Policy iteration is an algorithm that finds an optimal policy by alternating between two steps: policy evaluation and policy improvement.

Even though policy evaluation using dynamic programming is guaranteed to converge to \(v^\pi\), it is not guaranteed to reach \(v^\pi\) in a finite amount of computation.

Policy Improvement Theorem

For any policy \(\pi\), if \(\pi’\) is a deterministic policy such that \(\forall s \in \mathcal{S}\):

\[q^\pi(s, \pi'(s)) \geq v^\pi(s)\]

then \(\pi’ \geq \pi\).

Policy Improvement Theorem for Stochastic Policies

For any policy \(\pi\), if \(\pi’\) satisfies:

\[\sum_{a\in\mathcal{A}}\pi'(s,a) q^\pi(s,a) \geq v^\pi(s),\]

for all \(s \in \mathcal{S}\), then \(\pi' \geq \pi\).

Value Iteration

Value iteration is an algorithm that finds the optimal state-value function by iteratively applying the Bellman optimality update.

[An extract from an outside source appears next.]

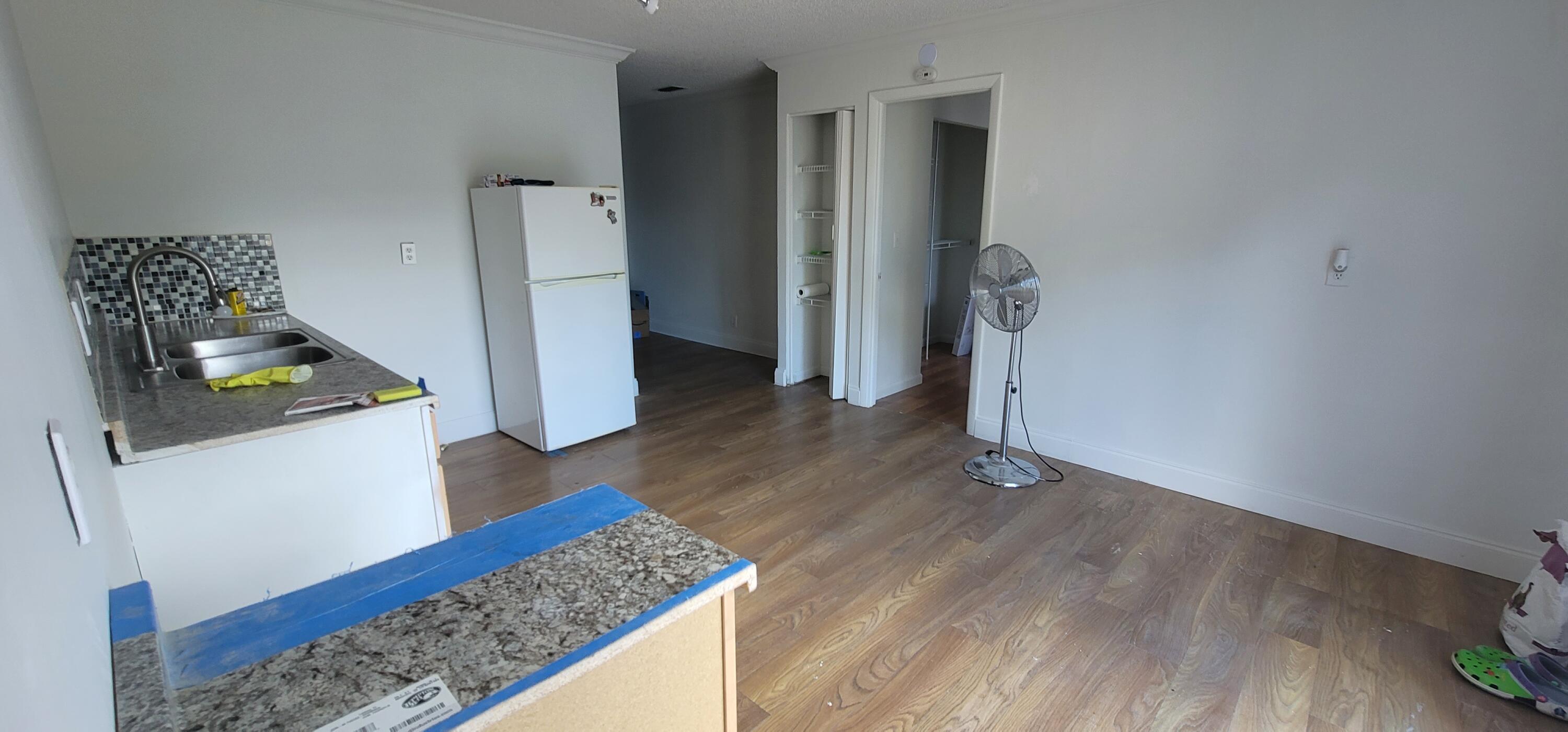 MLS #RX-11142046 image #32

Banach Fixed-Point Theorem

If \(f\) is a contraction mapping on a non-empty complete normed vector space, then \(f\) has a unique fixed point, \(x^*\), and the sequence defined by \(x_{k+1} = f(x_k)\), with \(x_0\) chosen arbitrarily, converges to \(x^*\).

Bellman Operator is a Contraction Mapping

The Bellman operator is a contraction mapping on \(\mathbb{R}^{\vert\mathcal{S}\vert}\) with distance metric \(d(v,v’) := \max_{s\in\mathcal{S}}\vert v(s)-v’(s) \vert\) if \(\gamma < 1\).

Value iteration converges to a unique fixed point \(v^\infty\) for all MDPs with finite state and action sets, bounded rewards, and \(\gamma < 1\).
All MDPs with finite state and action sets, bounded rewards, and \(\gamma < 1\) have at least one optimal policy.

Law of Large Numbers

Khintchine’s Strong Law of Large Numbers

Let \(\{X_i\}_{i=1}^{\infty}\) be independent and identically distributed (i.i.d.) random variables. Then the sequence of sample averages \((\frac{1}{n} \sum_{i=1}^{n} X_i)_{n=1}^\infty\) converges almost surely to the expected value \(\mathbf{E}[X_1]\).

i.e., \(\displaystyle \frac{1}{n}\sum_{i=1}^{\infty} X_i \overset{a.s.}{\rightarrow}\mathbf{E}[X_1]\)

Kolmogorov’s Strong Law of Large Numbers

Let \(\{X_i\}^\infty_{i=1}\) be independent (not necessarily identically distributed) random variables. If all \(X_i\) have the same mean and bounded variance, then the sequence of sample averages \((\frac{1}{n}\sum_{i=1}^n X_i)^\infty_{n=1}\) converges almost surely to \(\mathbf{E}[X_1]\).